> **Task prompt**
For this exercise, return only the lines in the records below from the one holding "The blouse we have heavy. We" through the one holding "I measured the", including both, exactly as they appear and without pictures.

> **Input material**
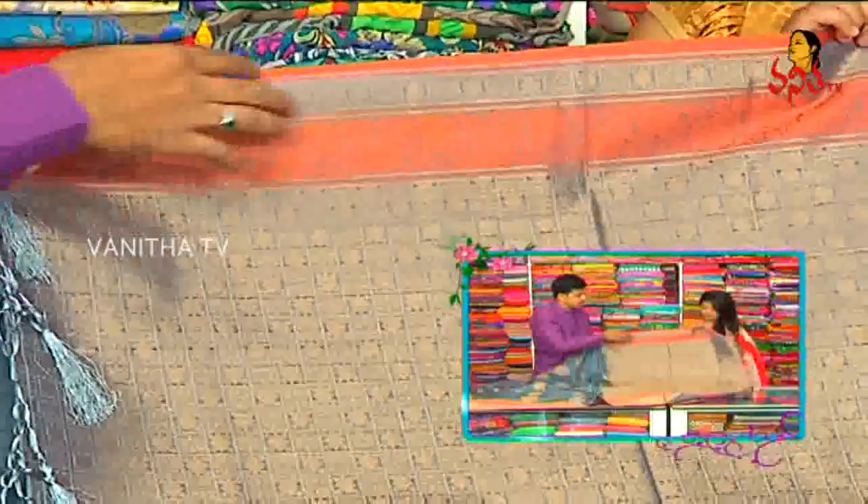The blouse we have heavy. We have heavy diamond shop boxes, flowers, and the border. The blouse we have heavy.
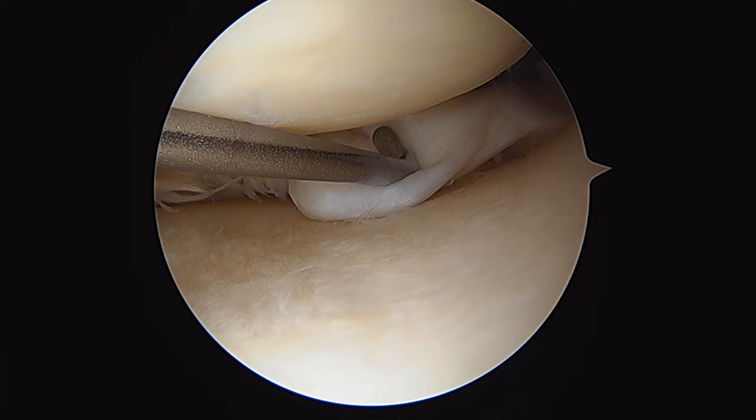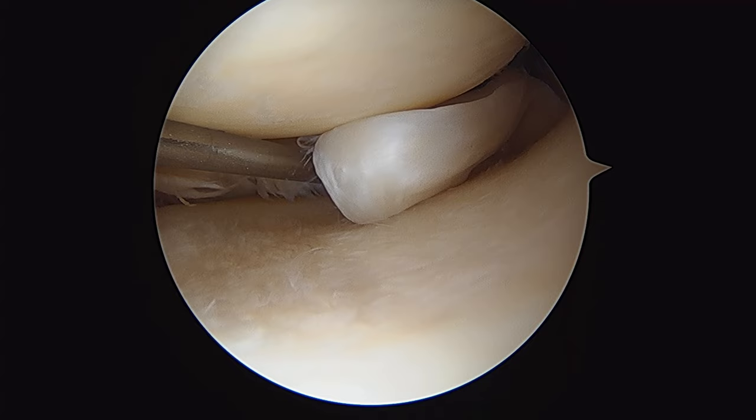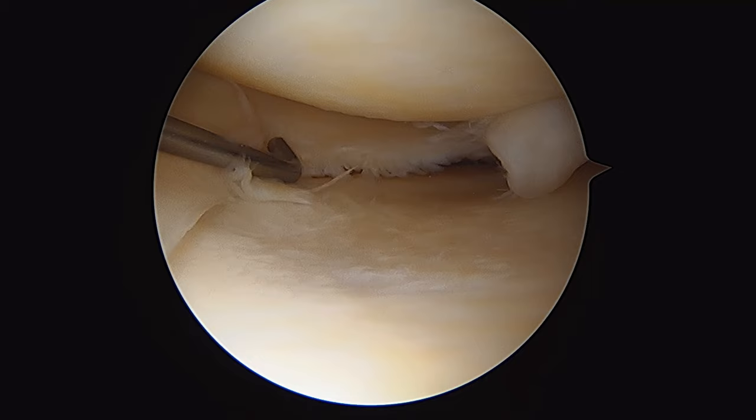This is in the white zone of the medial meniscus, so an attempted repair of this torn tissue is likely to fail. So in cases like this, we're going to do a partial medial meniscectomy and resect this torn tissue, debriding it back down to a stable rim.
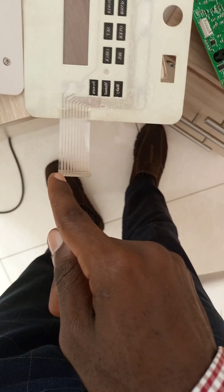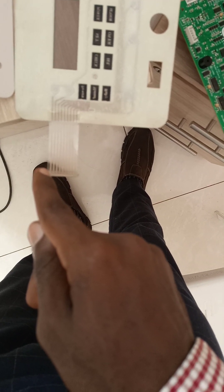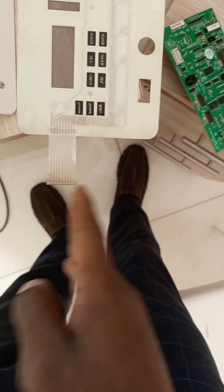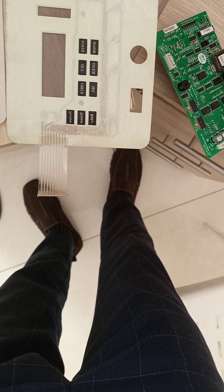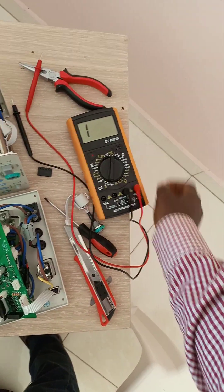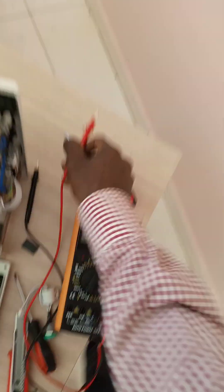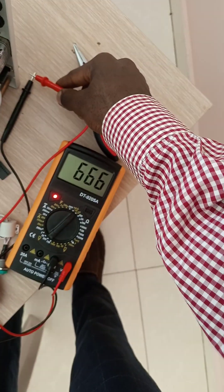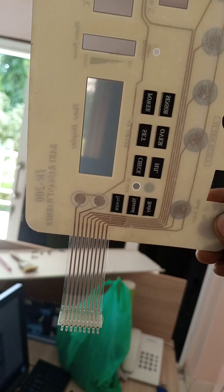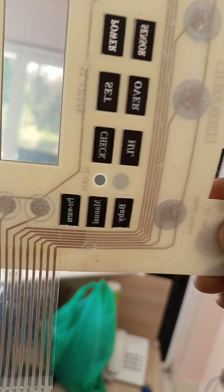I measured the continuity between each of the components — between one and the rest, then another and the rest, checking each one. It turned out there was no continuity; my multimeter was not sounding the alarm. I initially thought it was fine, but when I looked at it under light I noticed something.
--
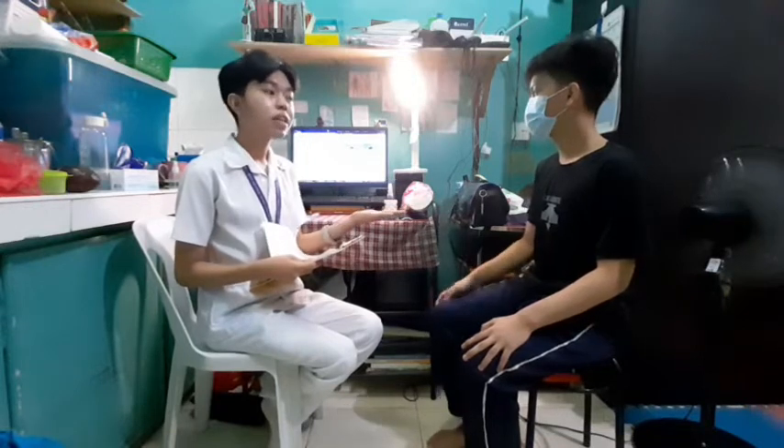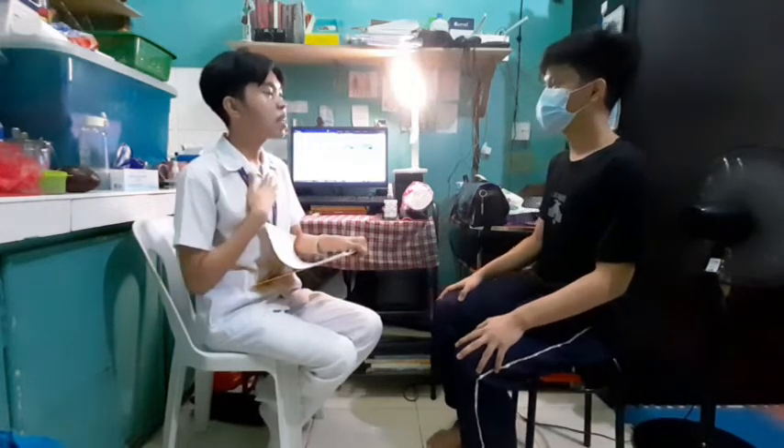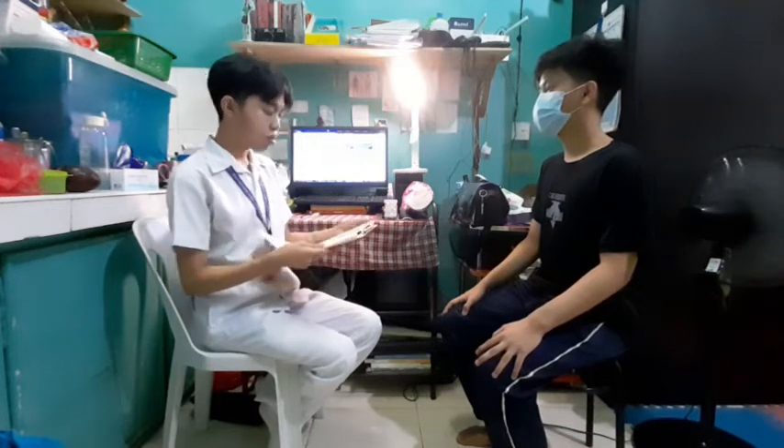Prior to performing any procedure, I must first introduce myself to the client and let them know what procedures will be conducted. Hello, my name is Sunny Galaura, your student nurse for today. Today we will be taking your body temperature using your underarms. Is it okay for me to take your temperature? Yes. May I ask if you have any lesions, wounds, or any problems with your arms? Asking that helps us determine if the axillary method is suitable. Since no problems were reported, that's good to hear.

> **Solution to the exercise**
The blouse we have heavy. We have heavy diamond shop boxes, flowers, and the border. The blouse we have heavy.
This is in the white zone of the medial meniscus, so an attempted repair of this torn tissue is likely to fail. So in cases like this, we're going to do a partial medial meniscectomy and resect this torn tissue, debriding it back down to a stable rim.
I measured the continuity between each of the components — between one and the rest, then another and the rest, checking each one. It turned out there was no continuity; my multimeter was not sounding the alarm. I initially thought it was fine, but when I looked at it under light I noticed something.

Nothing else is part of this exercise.